IN CASE our crotchety tone and pedantic ways hadn't give the game away, let us tell you: The Diary is old.

Old enough, in fact, to remember well the days before postcodes were introduced. The days when being a postman could involve a good measure of detective work.

In these days of satellite navigation and pinpoint computer accuracy, you would think the post office would know exactly where every property on this sceptred isle stands.

And even if the bigwigs in charge are not quite that omniscient, you would think they would at least be able to tell you where Keighley was.

Well, it appears not.

The recent well-publicised round of proposed post office closures covers a fairly large area: York, the southern half of North Yorkshire, and western parts of the East Riding.

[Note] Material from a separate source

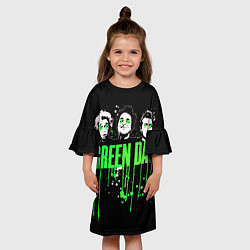 Платье клеш для девочки Green Day: Acid eyes, цвет: 3D-принт — фото 2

The area strayed across multiple local authority boundaries and encroached on the constituencies of no less than nine Members of Parliament.

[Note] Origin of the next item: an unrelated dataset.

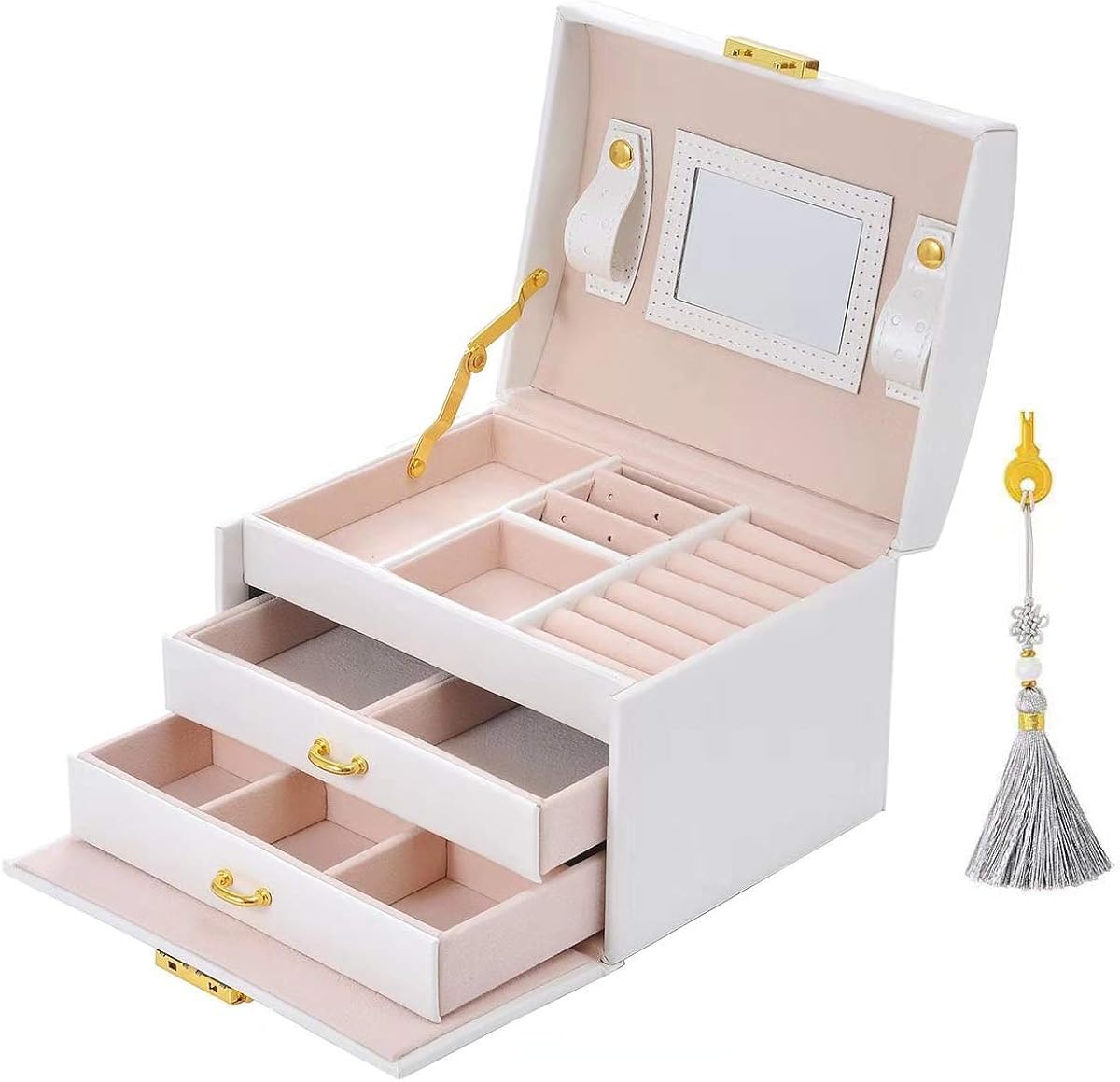 EMANIS Jewellery Box, 3 Layers PU leather jewelry storage box with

However, rather conveniently for this august organ, the patch covered in this network review matched up almost perfectly with The Press circulation area.

We can only surmise that this is because of the congruity of our patch; it makes sense to cover the areas we do.

But there is one glaring exception to this similarity between our own patch and that constructed by post office bosses for their most recent hatchet-job. The post office saw fit to include four branches falling in - and try not to spit out your tea in disgust at this - four branches in West Yorkshire.

Sure, Keighley and Ilkley may not be that far a trawl from Skipton. But when it comes down to brass tacks, North Yorkshire and West Yorkshire are a million miles away.

But then again, a less generous commentator might expect nothing less from the busybodies behind this latest sadly-predictable round of swingeing cuts.